**Provided data**
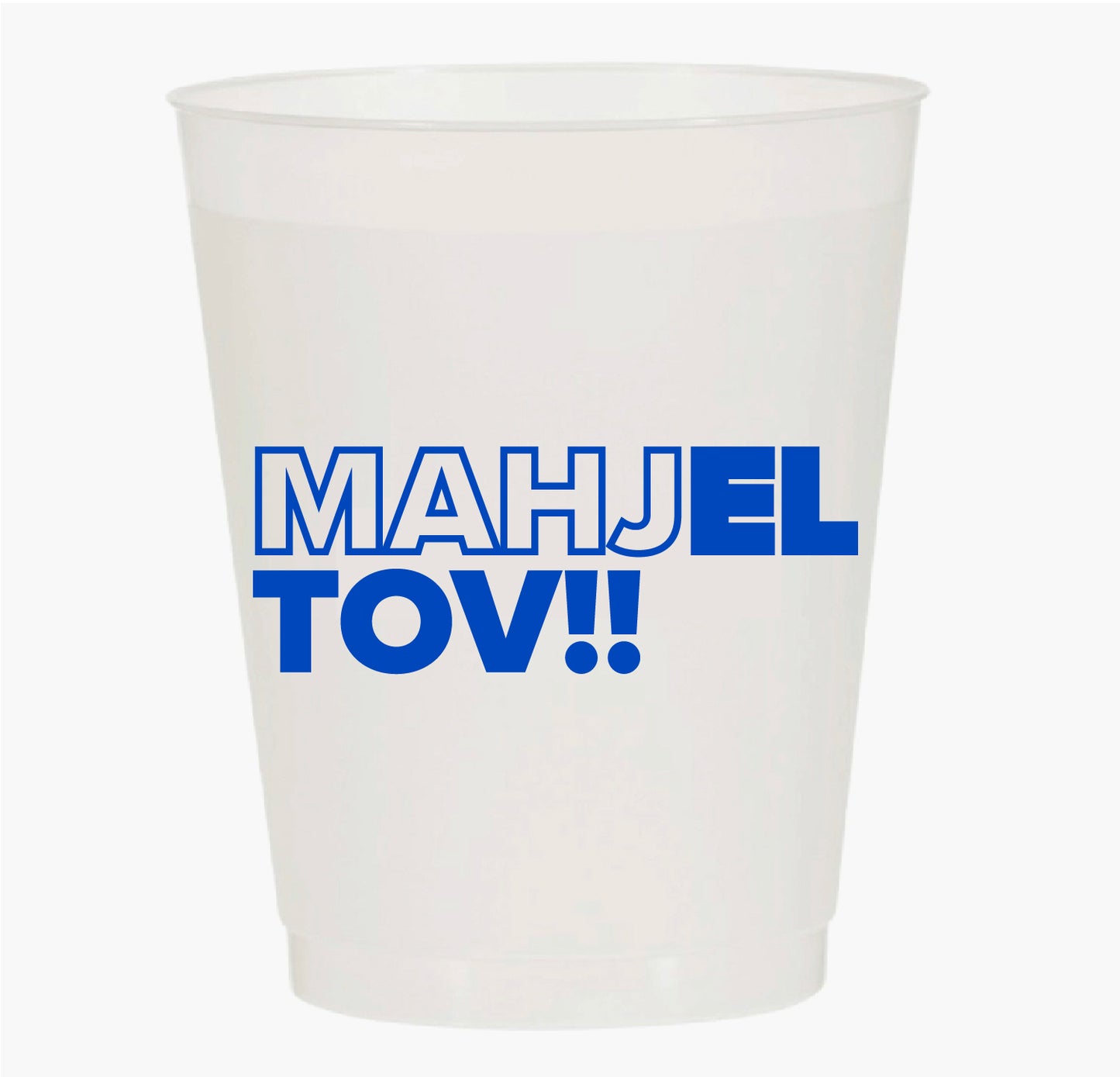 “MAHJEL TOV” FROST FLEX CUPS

* * *

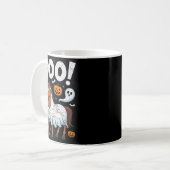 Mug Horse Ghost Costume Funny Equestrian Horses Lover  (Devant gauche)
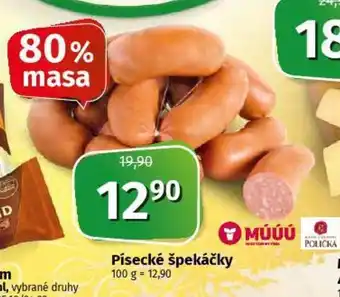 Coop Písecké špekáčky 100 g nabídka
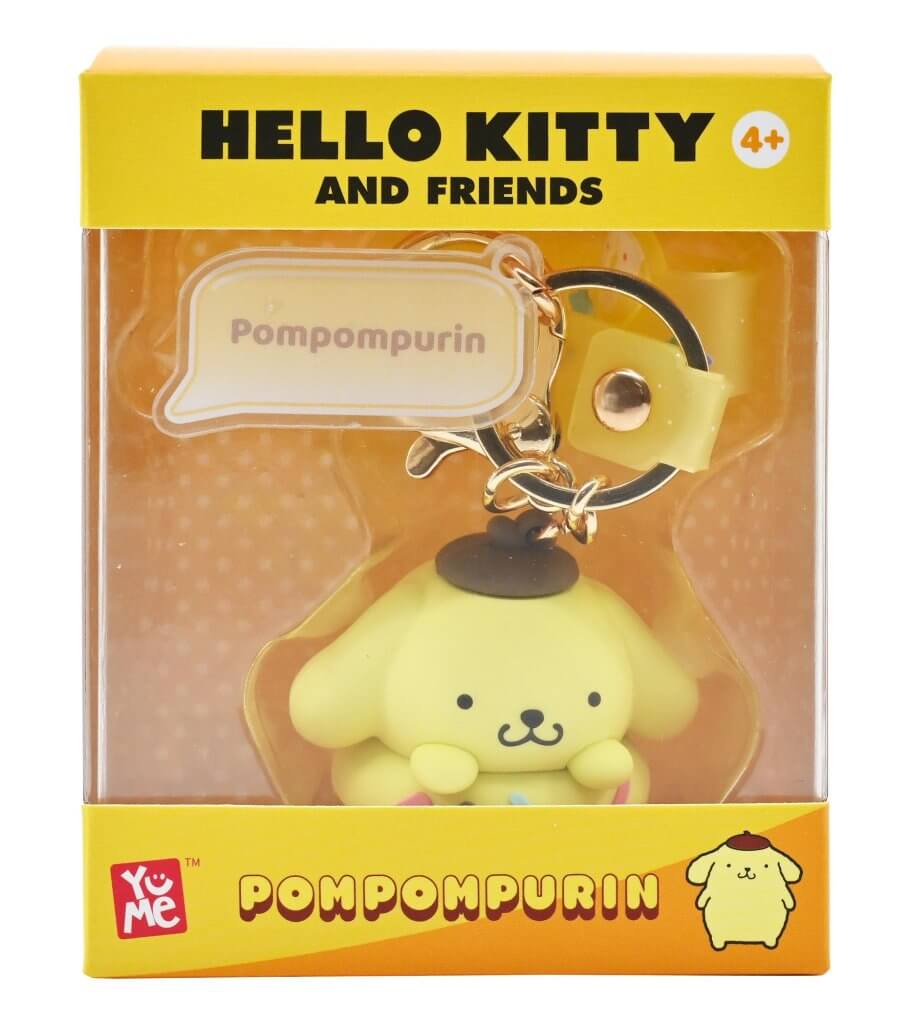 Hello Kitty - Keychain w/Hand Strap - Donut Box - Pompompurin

...

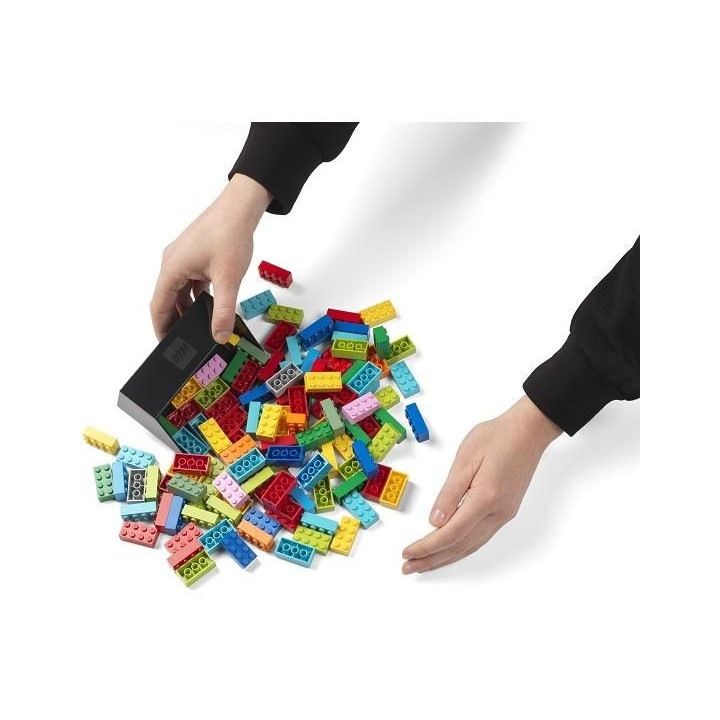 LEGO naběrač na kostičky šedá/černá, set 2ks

**What this task involves**
Look above for the line holding "Mug Horse Ghost" and output everything from it down to the line holding "Hello Kitty - Keychain", both ends included, exactly and without images.

**Response to the exercise**
 Mug Horse Ghost Costume Funny Equestrian Horses Lover  (Devant gauche)
 Coop Písecké špekáčky 100 g nabídka
 Hello Kitty - Keychain w/Hand Strap - Donut Box - Pompompurin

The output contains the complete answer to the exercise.